## Data segment
- - -

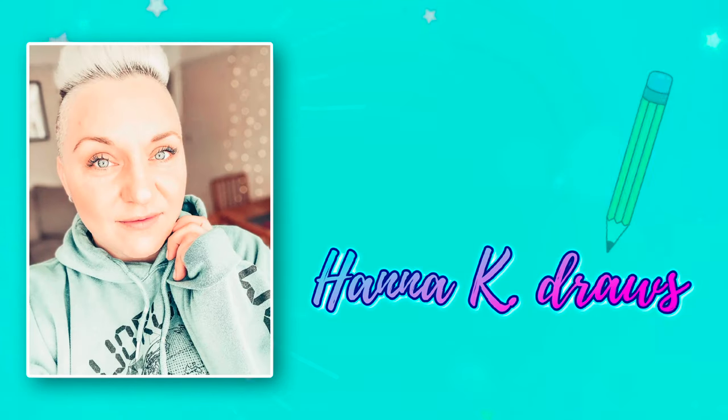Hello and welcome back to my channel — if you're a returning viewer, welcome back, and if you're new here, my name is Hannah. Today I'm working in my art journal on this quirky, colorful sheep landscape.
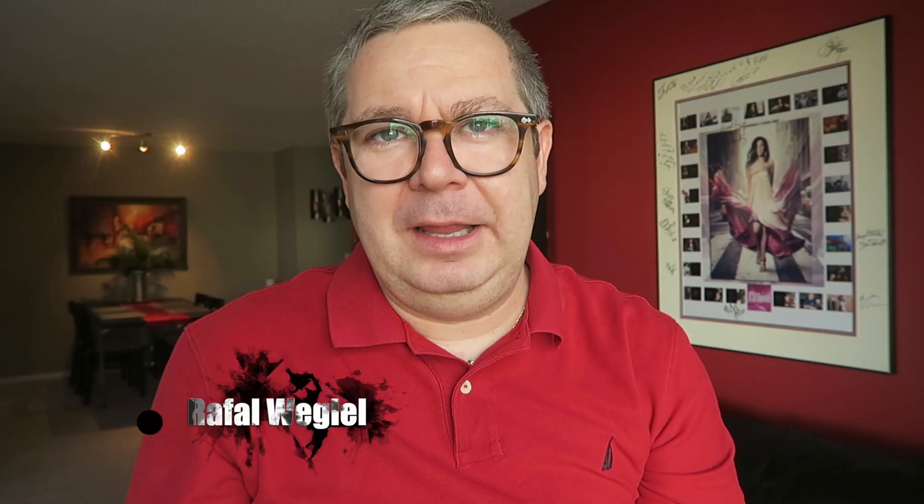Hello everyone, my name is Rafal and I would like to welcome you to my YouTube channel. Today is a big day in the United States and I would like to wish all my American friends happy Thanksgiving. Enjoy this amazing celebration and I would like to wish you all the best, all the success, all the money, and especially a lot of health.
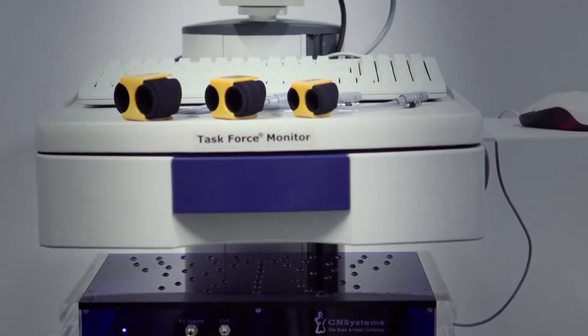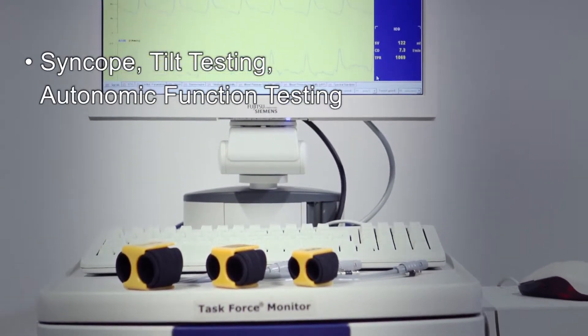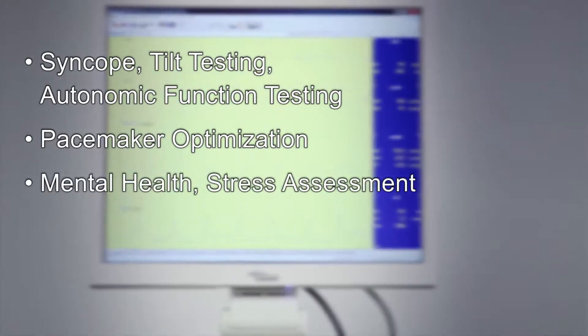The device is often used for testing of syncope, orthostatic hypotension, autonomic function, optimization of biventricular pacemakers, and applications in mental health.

- - -

## How to complete this task
Put down exactly the lines of the data above that run from its first line through the line bearing "Hello everyone, my", and no pictures.

## Output
Hello and welcome back to my channel — if you're a returning viewer, welcome back, and if you're new here, my name is Hannah. Today I'm working in my art journal on this quirky, colorful sheep landscape.
Hello everyone, my name is Rafal and I would like to welcome you to my YouTube channel. Today is a big day in the United States and I would like to wish all my American friends happy Thanksgiving. Enjoy this amazing celebration and I would like to wish you all the best, all the success, all the money, and especially a lot of health.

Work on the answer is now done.